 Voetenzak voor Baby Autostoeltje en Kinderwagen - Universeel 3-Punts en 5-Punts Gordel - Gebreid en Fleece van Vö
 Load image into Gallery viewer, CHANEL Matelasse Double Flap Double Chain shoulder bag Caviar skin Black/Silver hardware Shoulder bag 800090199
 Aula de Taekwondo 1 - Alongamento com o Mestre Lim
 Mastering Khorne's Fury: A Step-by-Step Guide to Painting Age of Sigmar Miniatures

...

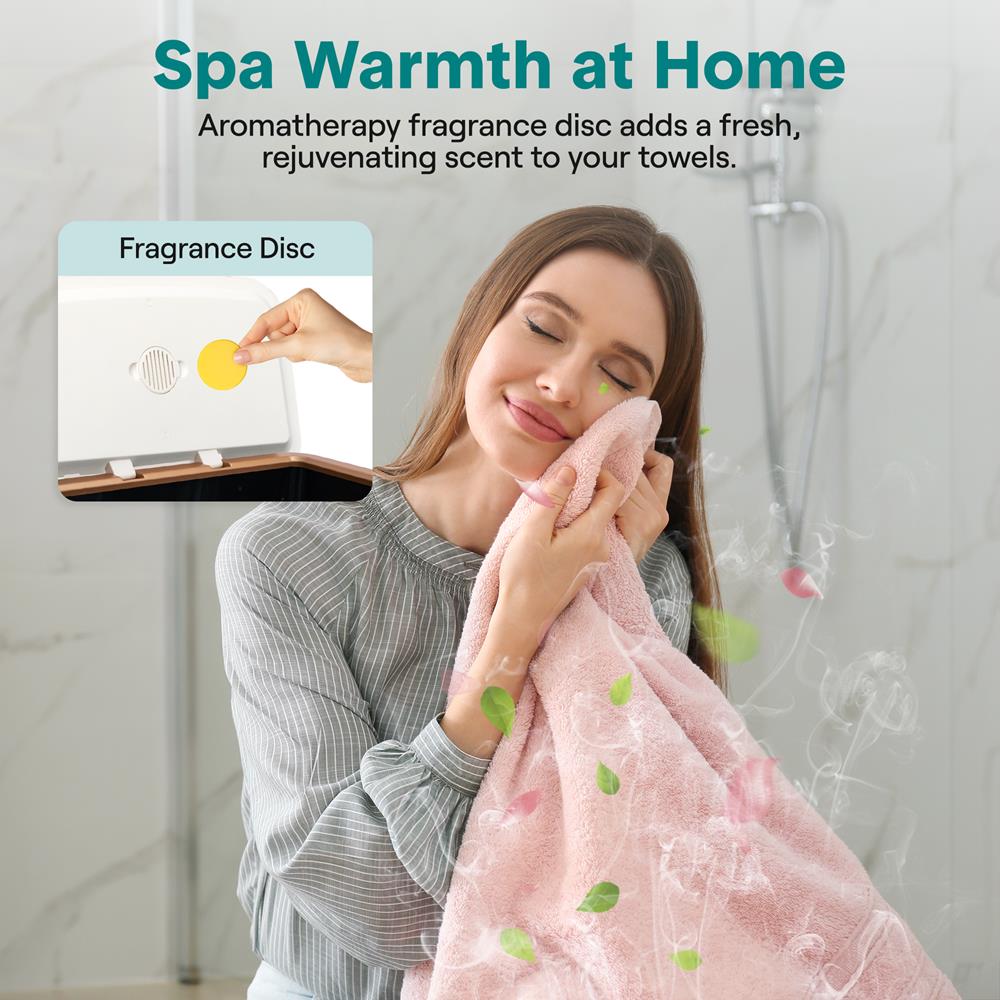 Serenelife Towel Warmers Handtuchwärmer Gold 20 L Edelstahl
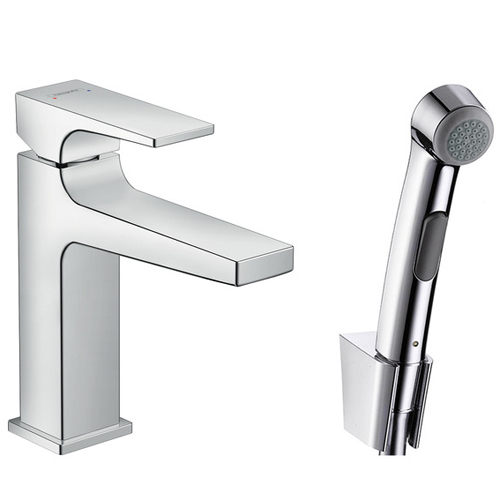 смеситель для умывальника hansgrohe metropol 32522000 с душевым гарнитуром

==

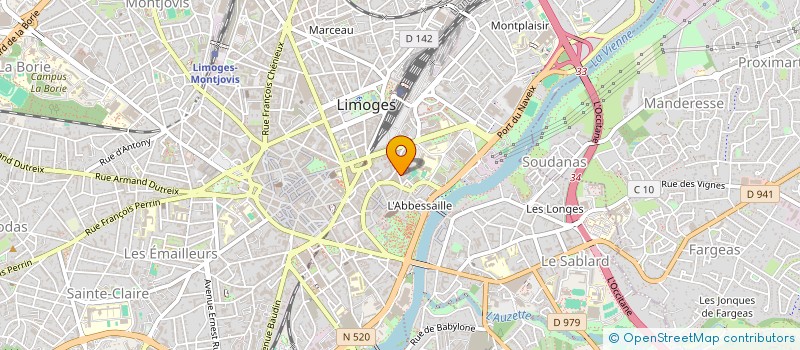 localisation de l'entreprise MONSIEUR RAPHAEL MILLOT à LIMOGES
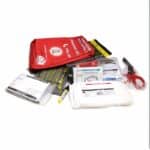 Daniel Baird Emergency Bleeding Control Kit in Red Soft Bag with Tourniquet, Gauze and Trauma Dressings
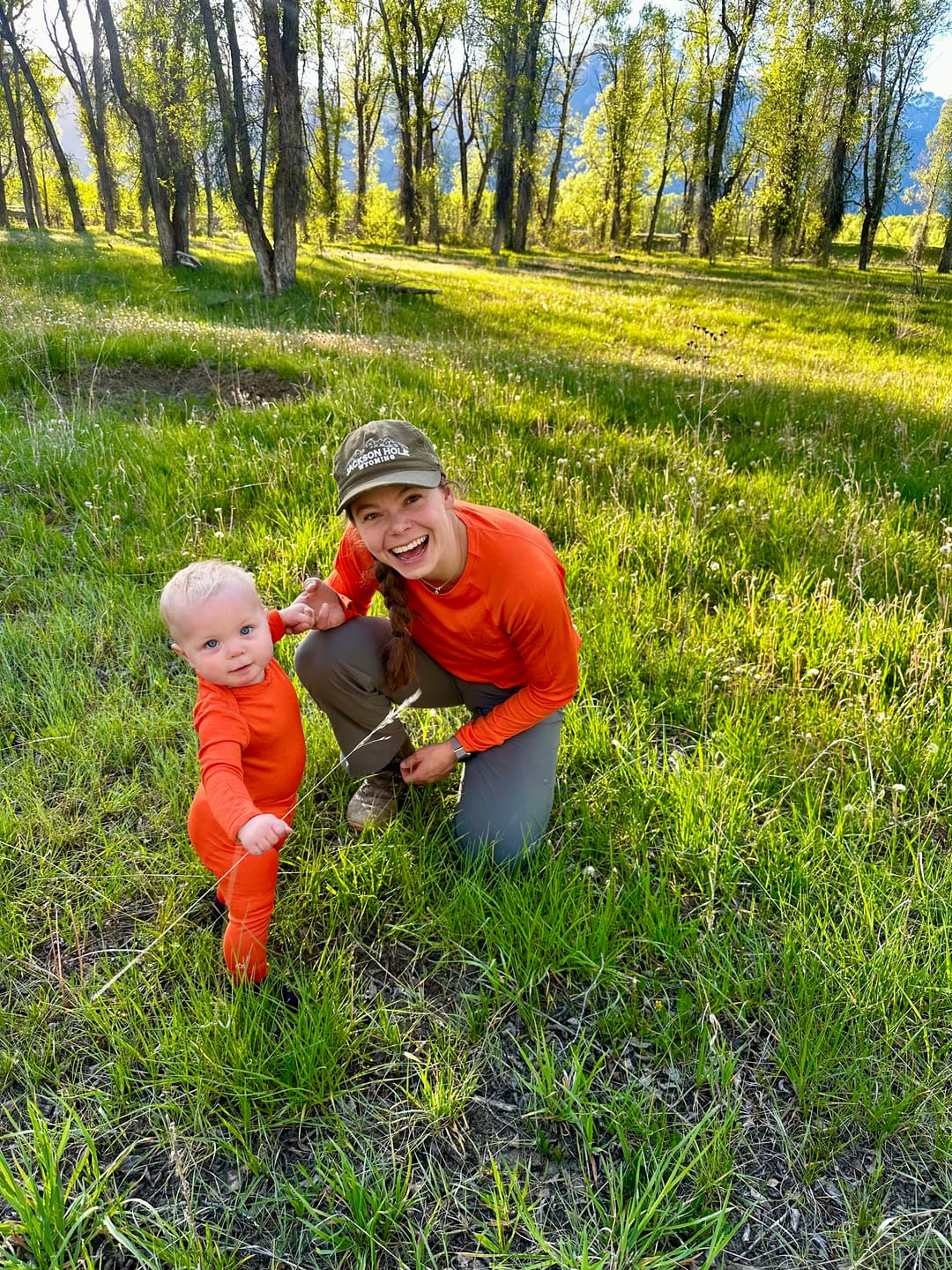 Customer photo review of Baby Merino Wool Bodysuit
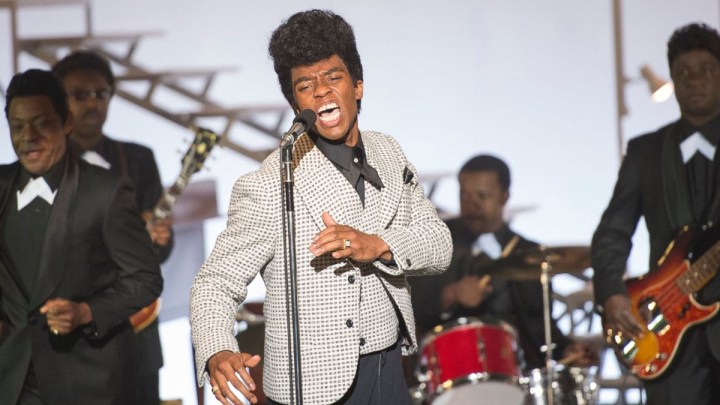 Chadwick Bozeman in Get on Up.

Task goal
Quote the listing above, but only from the line that shows "Load image into" through the line that shows "Mastering Khorne's Fury: A".

Result of the exercise
 Load image into Gallery viewer, CHANEL Matelasse Double Flap Double Chain shoulder bag Caviar skin Black/Silver hardware Shoulder bag 800090199
 Aula de Taekwondo 1 - Alongamento com o Mestre Lim
 Mastering Khorne's Fury: A Step-by-Step Guide to Painting Age of Sigmar Miniatures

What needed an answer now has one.